Desde este lunes, el directorio de YPF —empresa que lidera el 55% de las ventas minoristas— comenzará a debatir el rumbo a seguir. La firma encabezada por Horacio Marín enfrenta el desafío de equilibrar los costos operativos de extracción y refinación con la política nacional de contener la inflación. El inicio temprano de estas conversaciones sugiere que el sector se prepara para un posible nuevo esquema de precios a partir del próximo fin de semana.
Tensión internacional y el retraso de los precios internos
La situación global ha sumado presión al tablero local. Debido a la falta de acuerdos diplomáticos entre Estados Unidos e Irán, el barril de crudo Brent escaló un 3%, consolidándose en torno a los US$103. Este encarecimiento de la materia prima ensancha la brecha que denuncian las compañías locales.
Según fuentes del sector, las petroleras sostienen que el precio en los surtidores argentinos arrastra un retraso cercano al 20% respecto del costo real. A este escenario se suma la reciente actualización del 0,5% en el impuesto a los combustibles dispuesta por el Gobierno, un factor que erosiona el margen de ganancia que efectivamente perciben las empresas por cada litro vendido.

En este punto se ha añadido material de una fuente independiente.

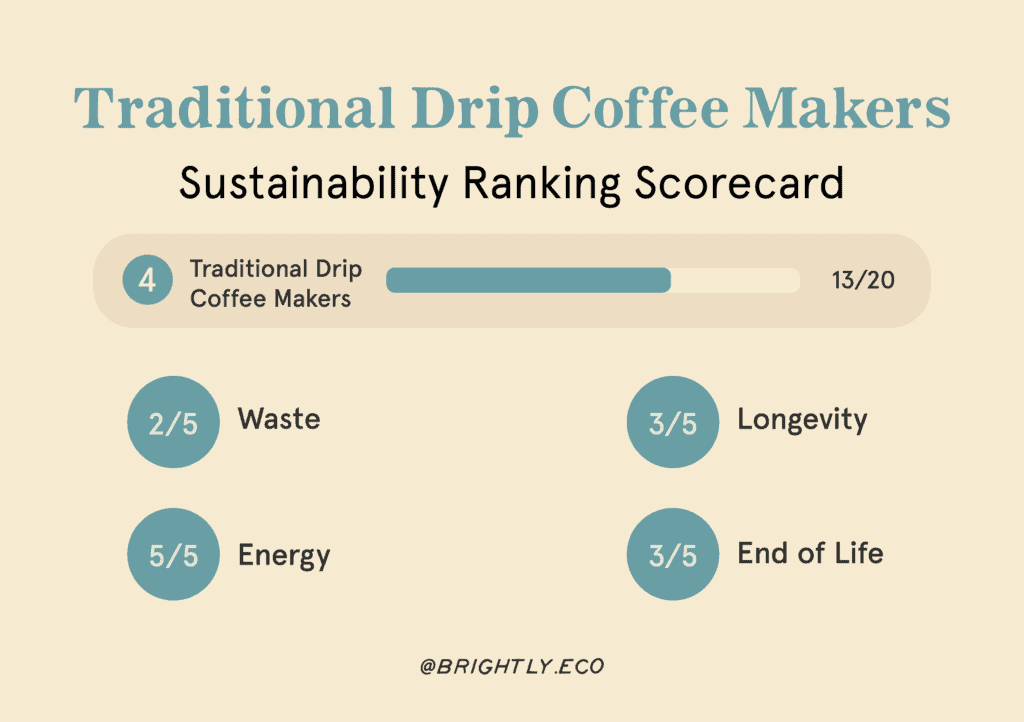 What’s the Most EcoFriendly Way to Brew Coffee? 5 Popular Options
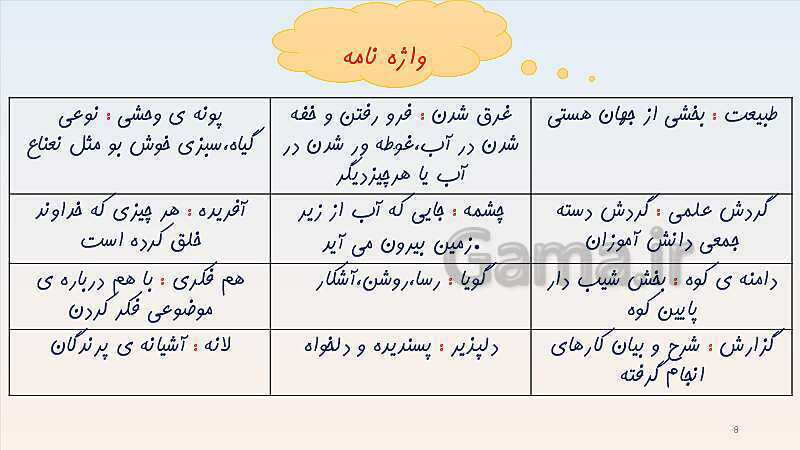 پاورپوینت فارسی سوم دبستان | درس 3: آسمان آبی، طبیعت پاک- پیش نمایش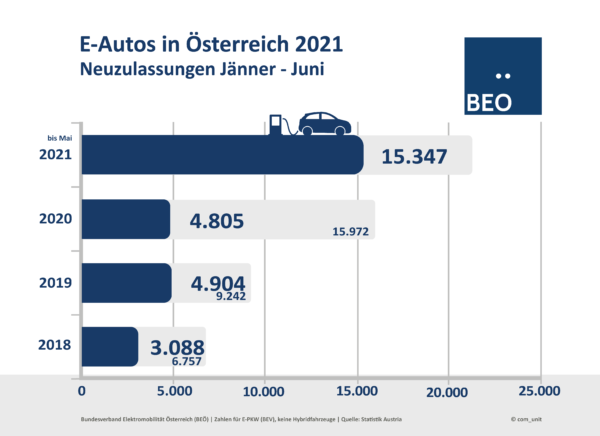 Neuzulassungen E-Autos Juni 2021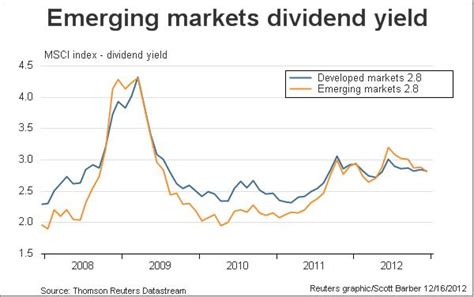 Why Invest in Emerging Market Stocks for Income | TopForeignStocks.com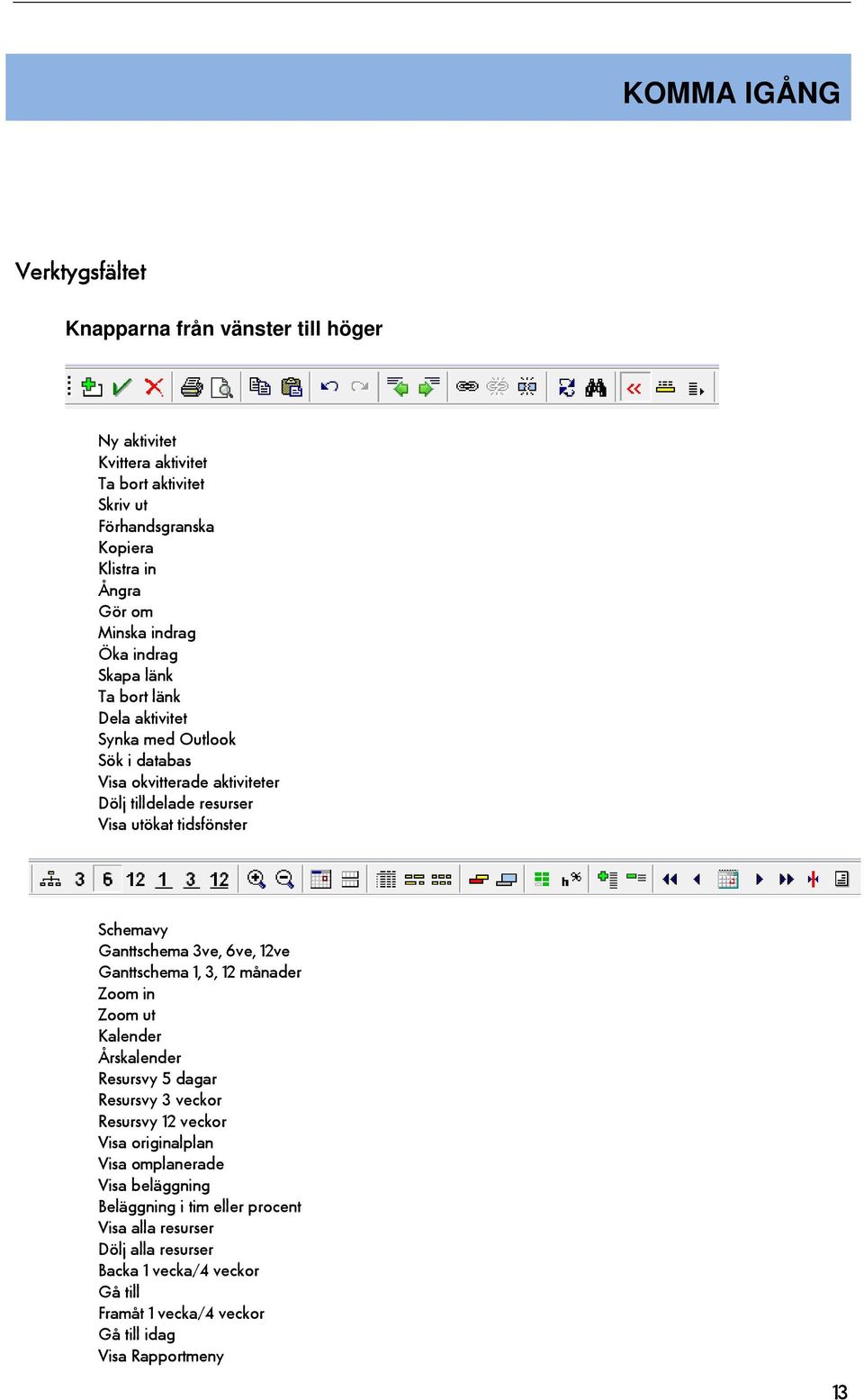 Ganttschema 3ve, 6ve, 12ve Ganttschema 1, 3, 12 månader Zoom in Zoom ut Kalender Årskalender Resursvy 5 dagar Resursvy 3 veckor Resursvy 12 veckor Visa originalplan Visa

El impacto en el bolsillo a partir del viernes
Aunque la decisión final se conocerá cerca del vencimiento del plazo, el mercado aguarda señales claras. El equilibrio es frágil: por un lado, la necesidad de las operadoras de ajustar sus ingresos a la paridad internacional y, por otro, el impacto directo que cualquier suba tiene sobre el resto de los precios de la economía argentina.